Effect of major histocompatibility complex haplotype matching by C4 and MICA genotyping on acute graft versus host disease in unrelated hematopoietic stem cell transplantation

Abstract

Background: Human leukocyte antigen (HLA) matching between the donor and recipient is an important factor for the prognosis of hematopoietic stem cell transplantation (HSCT) in patients with hematologic malignancies. However, many other genetic factors are related to the outcomes of HSCT. In this study, we explored whether matching of HLA haplotypes between the recipient and donor can be predicted by C4 and MICA typing as proxy markers, and whether it is associated with the incidence of acute graft versus host disease (aGVHD).

Methods: DNA preparations collected from a total of 59 recipient and unrelated donor pairs were used for PCR-based C4 subtyping and MICA sequence-based typing. Additional samples from 22 recipient and related donor pairs were also assayed for C4 subtyping. Medical records and clinicopathologic status including development of aGVHD were compared according to the groups classified by the results of C4 and MICA typing. A single nucleotide polymorphism (SNP) microarray analysis for six selected recipient/donor pairs was performed to determine matching of various genes located in and around the HLA region between the recipients and donors.

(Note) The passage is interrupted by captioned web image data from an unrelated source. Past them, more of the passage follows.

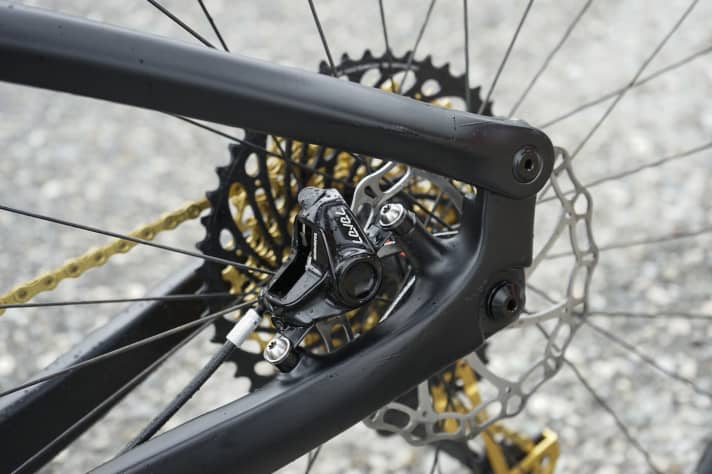   The single pivot joint, which is pulled far back and upwards, is somewhat reminiscent of the Focus Spine. The brake calliper sits on the chainstay.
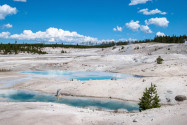 Fantastisches Panorama im von vulkanischer Aktivität geprägten Yellowstone Nationalpark, USA - © James Camel / franks-travelbox.com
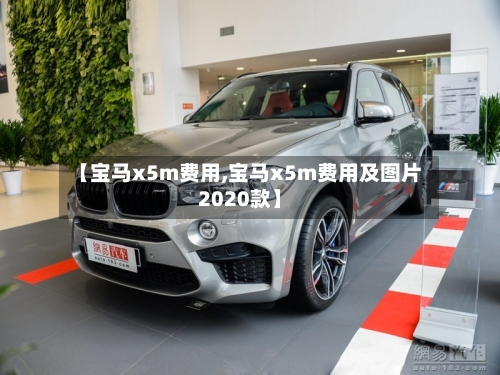 【宝马x5m费用,宝马x5m费用及图片2020款】-第2张图片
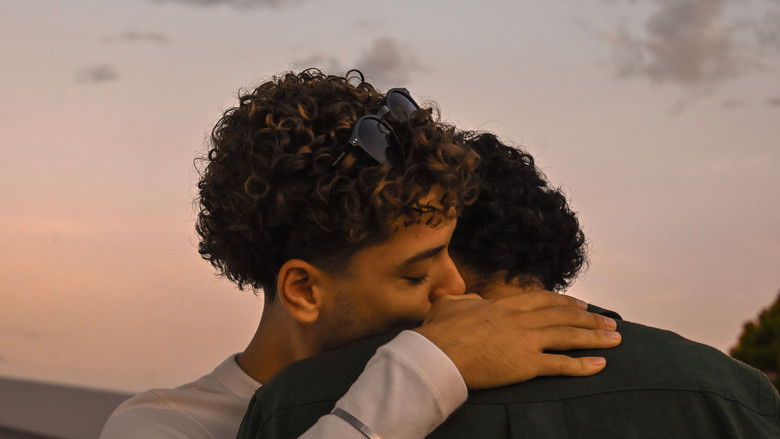 Sol e concreto (2025)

Results: The six most common MICA alleles with frequencies greater than 10% in this study were MICA*008:01, *010:01, *002:01, *004, *009:01/049, and *012:01, and they were significantly associated with HLA-B*07:02, *15:01, *58:01, *44:03, *52:01, and *54:01, respectively. Among the 59 unrelated pairs, HLA alleles were matched in 34 (57.6%) and mismatched in 25 (42.4%). C4 subtypes were identical between the recipient and donor in 28 (82.4%) HLA-matched unrelated pairs, while MICA genotypes were matched in all HLA-matched unrelated pairs. In the related pairs, all 22 recipients showed the same C4 subtypes with their respective HLA-matched donors. C4-mismatched cases showed a higher incidence of aGVHD than the C4-matched group regardless of an HLA match in the unrelated group (P=0.009). In multivariate analysis, C4 mismatch was also a significant risk factor associated with the development of aGVHD in unrelated HSCT cases (hazard ratio=3.24, P=0.006). Among more than 3,000 SNPs belonging to the MHC domain, 96.6% and 95.8% were identical in the two HLA/MICA/C4-matched recipient and donor pairs, while 96.4% and 86.3% were identical in the two HLA/MICA-matched but C4-mismatched pairs.

Conclusions: PCR-based C4 subtyping is a simple method for assessing the genetic identity of the HLA region between a recipient and unrelated donor. C4 mismatch was also related with an increased incidence of aGVHD. Thus, this test would be useful for donor assessment and prediction of aGVHD in HSCT.